Problem requirements
Please print, word for word, every line from the one that contains "Berserkers' Onslaught (LIST-DTK-130)" through the last line of the records, and nothing else.

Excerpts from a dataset
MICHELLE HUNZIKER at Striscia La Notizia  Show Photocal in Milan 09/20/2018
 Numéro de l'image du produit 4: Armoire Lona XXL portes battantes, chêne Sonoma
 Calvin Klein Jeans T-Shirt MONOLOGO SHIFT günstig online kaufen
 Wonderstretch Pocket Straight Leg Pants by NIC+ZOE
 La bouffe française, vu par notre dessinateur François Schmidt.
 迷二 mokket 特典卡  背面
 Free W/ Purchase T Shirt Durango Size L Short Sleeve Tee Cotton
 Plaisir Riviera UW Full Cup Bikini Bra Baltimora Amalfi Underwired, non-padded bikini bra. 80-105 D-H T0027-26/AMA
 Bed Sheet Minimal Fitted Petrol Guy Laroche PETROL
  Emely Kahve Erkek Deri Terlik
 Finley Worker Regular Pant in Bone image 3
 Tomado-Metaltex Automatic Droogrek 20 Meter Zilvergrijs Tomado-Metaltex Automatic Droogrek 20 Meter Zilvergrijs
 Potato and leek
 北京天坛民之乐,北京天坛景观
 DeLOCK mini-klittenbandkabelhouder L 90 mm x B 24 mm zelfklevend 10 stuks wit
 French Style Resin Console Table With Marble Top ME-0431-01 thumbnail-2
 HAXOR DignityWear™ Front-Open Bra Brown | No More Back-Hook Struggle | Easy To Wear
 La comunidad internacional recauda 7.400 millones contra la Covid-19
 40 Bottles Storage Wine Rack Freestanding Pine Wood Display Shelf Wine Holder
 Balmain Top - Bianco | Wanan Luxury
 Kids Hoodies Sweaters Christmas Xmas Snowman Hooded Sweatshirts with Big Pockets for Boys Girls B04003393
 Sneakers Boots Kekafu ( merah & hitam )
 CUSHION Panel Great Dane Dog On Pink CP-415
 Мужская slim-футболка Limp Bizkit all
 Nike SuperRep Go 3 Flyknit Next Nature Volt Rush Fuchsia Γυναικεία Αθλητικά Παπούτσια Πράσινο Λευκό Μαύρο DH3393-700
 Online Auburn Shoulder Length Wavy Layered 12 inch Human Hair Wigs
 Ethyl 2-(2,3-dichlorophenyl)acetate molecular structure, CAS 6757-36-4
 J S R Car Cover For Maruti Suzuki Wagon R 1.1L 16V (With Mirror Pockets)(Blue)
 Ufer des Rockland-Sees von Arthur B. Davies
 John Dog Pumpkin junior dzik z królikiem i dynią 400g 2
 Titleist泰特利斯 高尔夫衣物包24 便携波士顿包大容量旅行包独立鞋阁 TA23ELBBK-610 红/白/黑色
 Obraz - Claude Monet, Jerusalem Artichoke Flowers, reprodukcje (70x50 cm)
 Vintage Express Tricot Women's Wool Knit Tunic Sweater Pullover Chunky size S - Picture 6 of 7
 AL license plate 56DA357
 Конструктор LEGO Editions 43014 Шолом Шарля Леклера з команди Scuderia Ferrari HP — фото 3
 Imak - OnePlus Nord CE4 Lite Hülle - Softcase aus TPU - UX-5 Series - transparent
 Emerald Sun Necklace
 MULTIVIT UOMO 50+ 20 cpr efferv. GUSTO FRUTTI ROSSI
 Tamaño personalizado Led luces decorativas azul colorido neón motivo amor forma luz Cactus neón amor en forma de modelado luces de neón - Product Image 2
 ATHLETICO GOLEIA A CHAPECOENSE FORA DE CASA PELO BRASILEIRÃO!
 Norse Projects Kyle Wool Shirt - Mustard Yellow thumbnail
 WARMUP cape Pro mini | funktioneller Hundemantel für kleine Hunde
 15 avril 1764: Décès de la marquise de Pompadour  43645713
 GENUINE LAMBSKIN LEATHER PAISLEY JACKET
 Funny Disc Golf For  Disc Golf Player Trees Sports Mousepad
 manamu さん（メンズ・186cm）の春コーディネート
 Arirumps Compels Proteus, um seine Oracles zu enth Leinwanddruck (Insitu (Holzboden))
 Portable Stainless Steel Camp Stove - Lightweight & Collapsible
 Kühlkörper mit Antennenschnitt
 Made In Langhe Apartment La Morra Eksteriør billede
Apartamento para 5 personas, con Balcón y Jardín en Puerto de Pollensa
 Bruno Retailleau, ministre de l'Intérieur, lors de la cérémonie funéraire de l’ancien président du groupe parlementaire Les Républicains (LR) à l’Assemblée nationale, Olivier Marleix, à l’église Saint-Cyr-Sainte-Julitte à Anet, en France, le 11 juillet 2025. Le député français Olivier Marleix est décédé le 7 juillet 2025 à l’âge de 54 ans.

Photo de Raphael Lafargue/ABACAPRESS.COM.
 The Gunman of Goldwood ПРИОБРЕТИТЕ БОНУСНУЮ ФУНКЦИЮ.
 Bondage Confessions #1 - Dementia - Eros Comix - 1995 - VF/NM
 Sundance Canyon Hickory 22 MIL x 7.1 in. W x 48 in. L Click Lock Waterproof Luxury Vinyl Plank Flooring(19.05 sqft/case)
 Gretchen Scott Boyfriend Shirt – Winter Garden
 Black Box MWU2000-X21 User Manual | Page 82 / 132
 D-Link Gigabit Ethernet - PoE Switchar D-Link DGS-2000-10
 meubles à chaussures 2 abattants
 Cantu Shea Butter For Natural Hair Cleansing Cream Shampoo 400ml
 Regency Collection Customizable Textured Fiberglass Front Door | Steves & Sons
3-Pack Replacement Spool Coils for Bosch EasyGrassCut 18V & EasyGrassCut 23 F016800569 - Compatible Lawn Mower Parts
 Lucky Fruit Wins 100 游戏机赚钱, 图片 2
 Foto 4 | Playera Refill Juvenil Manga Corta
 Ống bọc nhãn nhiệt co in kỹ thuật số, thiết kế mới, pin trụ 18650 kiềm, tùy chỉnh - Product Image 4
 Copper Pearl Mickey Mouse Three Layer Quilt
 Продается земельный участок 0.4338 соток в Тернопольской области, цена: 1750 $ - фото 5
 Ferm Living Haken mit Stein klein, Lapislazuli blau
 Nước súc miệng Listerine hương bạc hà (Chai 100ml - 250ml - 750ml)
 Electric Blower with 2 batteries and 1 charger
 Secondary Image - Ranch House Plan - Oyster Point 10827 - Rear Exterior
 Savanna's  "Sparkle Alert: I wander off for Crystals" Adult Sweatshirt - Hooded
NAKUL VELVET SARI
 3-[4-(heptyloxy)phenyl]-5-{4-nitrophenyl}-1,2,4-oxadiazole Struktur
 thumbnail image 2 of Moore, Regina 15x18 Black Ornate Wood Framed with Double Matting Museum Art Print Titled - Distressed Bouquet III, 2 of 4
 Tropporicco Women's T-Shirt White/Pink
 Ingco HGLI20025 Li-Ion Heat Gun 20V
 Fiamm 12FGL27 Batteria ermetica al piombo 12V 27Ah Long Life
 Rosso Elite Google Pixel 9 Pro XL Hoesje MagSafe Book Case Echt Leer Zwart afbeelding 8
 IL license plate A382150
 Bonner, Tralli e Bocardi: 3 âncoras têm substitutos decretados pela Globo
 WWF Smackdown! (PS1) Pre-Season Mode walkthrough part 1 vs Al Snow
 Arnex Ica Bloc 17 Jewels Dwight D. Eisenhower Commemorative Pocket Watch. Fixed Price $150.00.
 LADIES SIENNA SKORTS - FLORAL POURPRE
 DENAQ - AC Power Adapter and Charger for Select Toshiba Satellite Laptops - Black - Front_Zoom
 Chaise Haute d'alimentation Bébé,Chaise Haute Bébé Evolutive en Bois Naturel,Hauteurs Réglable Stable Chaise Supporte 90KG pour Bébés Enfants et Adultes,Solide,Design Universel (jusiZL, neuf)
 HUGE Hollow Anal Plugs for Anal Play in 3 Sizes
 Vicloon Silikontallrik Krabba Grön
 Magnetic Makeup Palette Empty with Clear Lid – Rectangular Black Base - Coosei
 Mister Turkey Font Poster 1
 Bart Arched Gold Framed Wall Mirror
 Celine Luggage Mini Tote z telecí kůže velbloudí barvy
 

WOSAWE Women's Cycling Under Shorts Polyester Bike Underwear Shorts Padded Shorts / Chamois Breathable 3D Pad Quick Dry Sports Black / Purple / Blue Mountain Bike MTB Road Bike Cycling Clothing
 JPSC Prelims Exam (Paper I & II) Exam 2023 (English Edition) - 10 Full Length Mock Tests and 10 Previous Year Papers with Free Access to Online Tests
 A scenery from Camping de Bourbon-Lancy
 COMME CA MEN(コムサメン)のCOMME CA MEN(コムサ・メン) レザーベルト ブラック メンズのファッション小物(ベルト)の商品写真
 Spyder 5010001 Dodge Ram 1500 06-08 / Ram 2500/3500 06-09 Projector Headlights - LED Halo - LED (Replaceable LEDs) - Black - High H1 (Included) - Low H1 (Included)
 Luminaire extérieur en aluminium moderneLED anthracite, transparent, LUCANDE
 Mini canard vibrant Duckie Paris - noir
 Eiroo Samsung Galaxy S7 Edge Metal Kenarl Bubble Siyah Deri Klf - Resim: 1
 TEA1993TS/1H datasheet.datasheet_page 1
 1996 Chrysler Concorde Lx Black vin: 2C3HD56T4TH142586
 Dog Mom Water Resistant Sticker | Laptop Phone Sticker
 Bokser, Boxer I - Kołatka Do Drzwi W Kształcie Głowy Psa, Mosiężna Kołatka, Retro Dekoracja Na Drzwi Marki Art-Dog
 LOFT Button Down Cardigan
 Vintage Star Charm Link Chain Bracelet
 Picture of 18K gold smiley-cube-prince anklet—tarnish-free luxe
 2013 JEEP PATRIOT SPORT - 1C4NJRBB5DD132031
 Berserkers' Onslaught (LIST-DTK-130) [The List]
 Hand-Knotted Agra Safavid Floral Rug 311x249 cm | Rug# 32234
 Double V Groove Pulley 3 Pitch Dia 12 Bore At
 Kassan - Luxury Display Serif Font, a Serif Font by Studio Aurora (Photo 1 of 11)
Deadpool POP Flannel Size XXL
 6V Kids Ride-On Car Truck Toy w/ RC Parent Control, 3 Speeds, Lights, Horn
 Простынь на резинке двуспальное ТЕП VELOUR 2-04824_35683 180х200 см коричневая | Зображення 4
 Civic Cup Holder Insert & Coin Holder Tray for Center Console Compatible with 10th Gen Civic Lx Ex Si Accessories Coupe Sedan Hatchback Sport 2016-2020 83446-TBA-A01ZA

Final answer
 Berserkers' Onslaught (LIST-DTK-130) [The List]
 Hand-Knotted Agra Safavid Floral Rug 311x249 cm | Rug# 32234
 Double V Groove Pulley 3 Pitch Dia 12 Bore At
 Kassan - Luxury Display Serif Font, a Serif Font by Studio Aurora (Photo 1 of 11)
Deadpool POP Flannel Size XXL
 6V Kids Ride-On Car Truck Toy w/ RC Parent Control, 3 Speeds, Lights, Horn
 Простынь на резинке двуспальное ТЕП VELOUR 2-04824_35683 180х200 см коричневая | Зображення 4
 Civic Cup Holder Insert & Coin Holder Tray for Center Console Compatible with 10th Gen Civic Lx Ex Si Accessories Coupe Sedan Hatchback Sport 2016-2020 83446-TBA-A01ZA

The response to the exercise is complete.